Es esta antinomia la que obliga al crítico a no detenerse exclusivamente en la consideración de los aspectos formales, por un lado, y por el otro a no limitar su apreciación a una mera referencia de la realidad, y es la perspectiva semiológica la que mejor captura ese juego de tensiones. El cierre del artículo es bien “tinianoviano”:

Sólo el punto de vista semiológico permite a los teóricos reconocer la existencia autónoma y el dinamismo fundamental de la estructura artística y comprender la evolución del arte como un movimiento inmanente que está en una relación dialéctica permanente con la evolución de las demás esferas de la cultura.

En cuanto a la proyección y la valoración de la teoría de Mukarovsky vale la pena tomar algunas observaciones de Cesare Segre (1928-2014) a manera de cierre.  En “La teoría de la recepción de Mukarovsky y la estética del fragmento” (Cuadernos de Filología Italiana, 8, Madrid, Universidad Complutense, 2001, pp. 11-18) el crítico italiano sostiene que:

La Teoría de la Recepción, que desde 1967 ha gozado y continúa gozando de considerable éxito en Alemania, fue anticipada en sus rasgos más generales por Mukarovsky y Vodicka, según ha reconocido, entre otros, Klöpfer.
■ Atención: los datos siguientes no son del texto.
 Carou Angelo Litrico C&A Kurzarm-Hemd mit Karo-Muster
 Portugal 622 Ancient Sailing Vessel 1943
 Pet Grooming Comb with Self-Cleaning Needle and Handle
La teoría se caracteriza en su versión de Praga por un claro entramado semiótico. Mukarovsky en Esteticka funkce, norma a hodnota jako sociální fakty (Función, normas y valor estéticos como hechos sociales, 1939) pone de manifiesto cómo la función estética que atribuimos a un producto artístico dado puede ser dominante o bien subordinada dependiendo del gusto, que es el que a lo largo del tiempo modifica las jerarquías funcionales.

Y resalta a continuación algunas afirmaciones de Mukarovsky:

Una norma estética debe, por tanto, ser estudiada como hecho histórico, siendo el punto de partida su variabilidad en el tiempo. Resulta así axiomático que una obra de arte siempre oscilará entre los estados presente y futuro de la norma. Por tanto, «una obra de arte no es en modo alguno una magnitud constante: cualquier alteración en el tiempo, en el espacio, o en el medio social supondrá un cambio en la tradición artística del momento a través de cuyo prisma se percibe la obra. Como resultado de tales alteraciones, también tendrá lugar un cambio en el objeto estético que en la conciencia de una determinada colectividad corresponde al artefacto material, al objeto creado por el artista».
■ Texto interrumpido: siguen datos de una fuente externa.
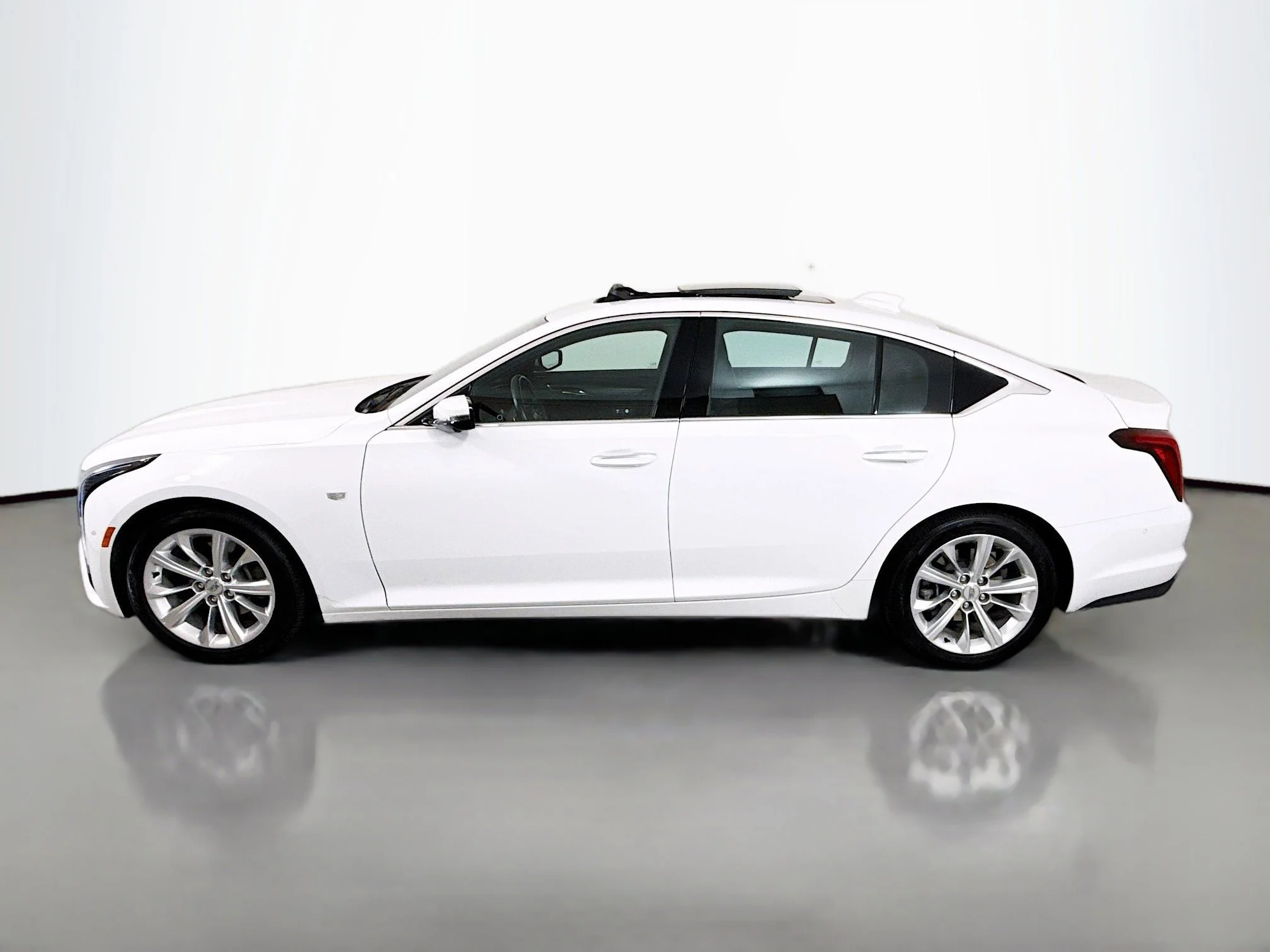 Used 2025 Summit White Cadillac Premium Luxury image 4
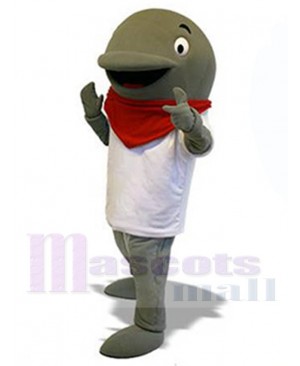 Grey Dolphin Mascot Costume For Adults Mascot Heads
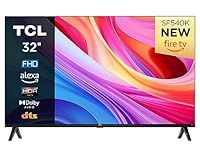 TCL 32SF540K 32-inch FHD Smart Television - HDR & HLG-Dolby Audio-DTS Virtual X/DTS-HD-Metal Bezel-less-Dual-band Wifi 5-with Fire OS 7 system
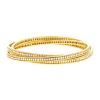 Cartier Trinity bracelet in yellow gold and diamonds - 00pp thumbnail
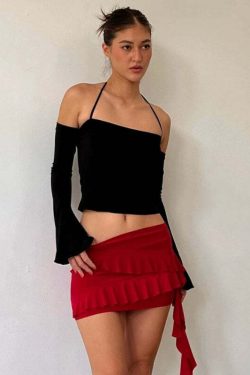 Y2K Off Shoulder Top - 90s Grunge, Retro Summer, Pastel Goth, Y2K Party & Club Outfits
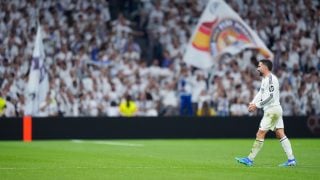 Carvajal en el Bernabéu. (Europa Press)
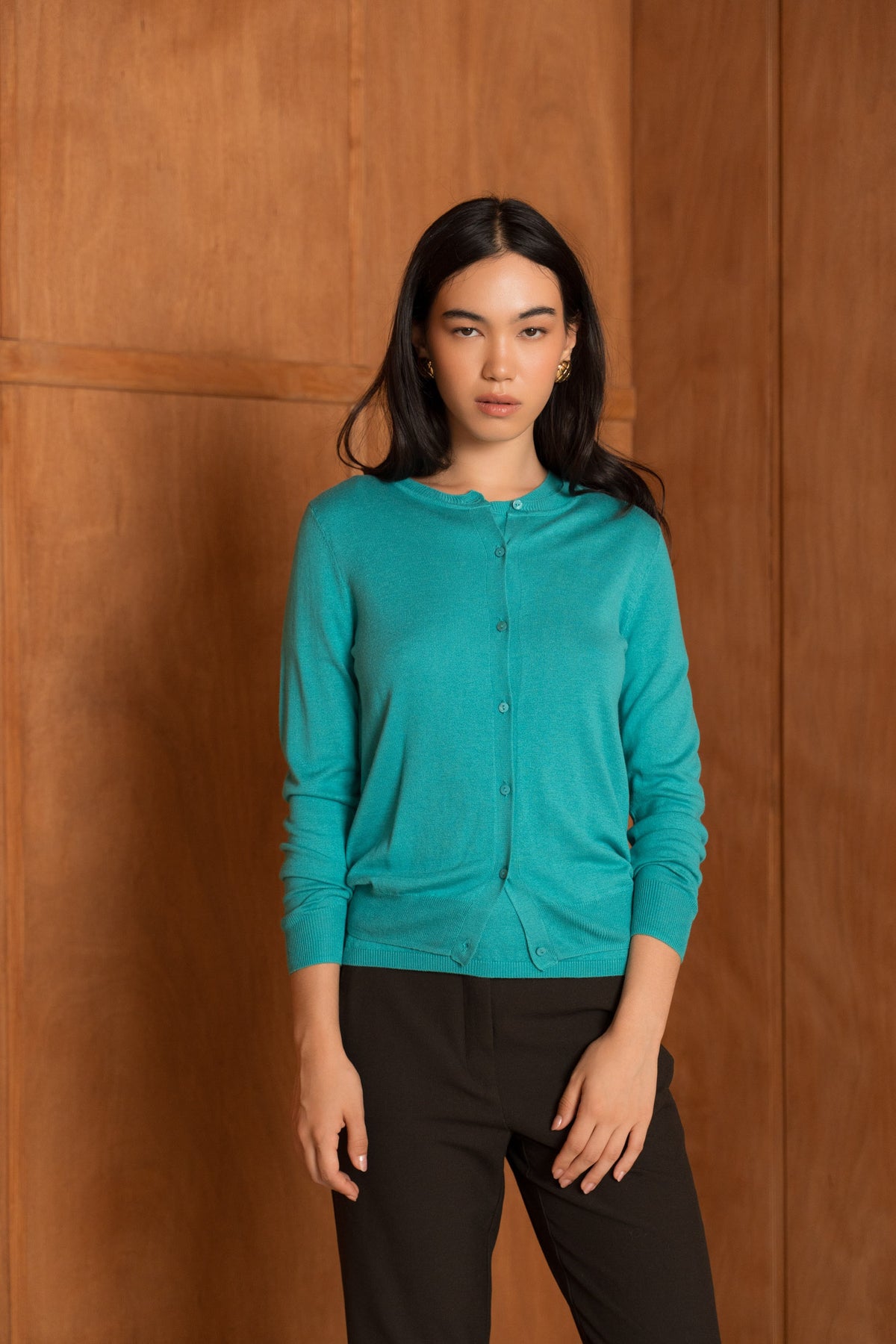 Cardigan en soie et cachemire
De igual modo el arte repele la idea pasiva de “representación del mundo” y la troca por la de una relación activa; aseveración que no supone rehuir de la noción de sistema o estructura sino, al contrario, la refuerza, dado que no se puede establecer esa relación “por partes”:

El relativismo estético se puede evitar por medio de un enfoque semiótico que contemple la obra de arte como una estructura cuyos componentes están en su totalidad dotados de significado, una estructura, pues, en la cual los valores extra-estéticos desempeñarán también su propio papel. Es la totalidad de ese conjunto la que entra en una relación activa con el sistema de valores que guía la actividad y comportamiento humanos.
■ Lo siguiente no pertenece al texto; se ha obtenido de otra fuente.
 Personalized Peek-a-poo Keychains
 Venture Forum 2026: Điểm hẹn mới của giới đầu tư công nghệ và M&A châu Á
La teoría de Mukarovsky ayuda a comprender la esencia fundamentalmente “no armónica” del arte, es decir, su dinamismo, los desequilibrios y tensiones, su vida agitada y cambiante. La unidad de la obra, en consecuencia, debe ser interpretada de manera bien diferente a la que supone el sentido común; según lo cita Segre:

Se puede suponer que el valor independiente del artefacto material será tanto más marcado cuanto más conspicuo sea el conjunto total de valores extra-estéticos que el artefacto haya sido capaz de abarcar, cuanto más consiga dinamizar estas relaciones: todo ello al margen de cualquier cambio cualitativo de una época a otra. Comúnmente se sostiene que el principal criterio de juicio de valor estético está en la impresión de unidad dada por la obra. Dicha unidad, sin embargo, no se debe entender estáticamente como una armonía perfecta; se debería ver dinámicamente, como una tarea que la obra de arte impone a aquellos que quieren disfrutar de ella.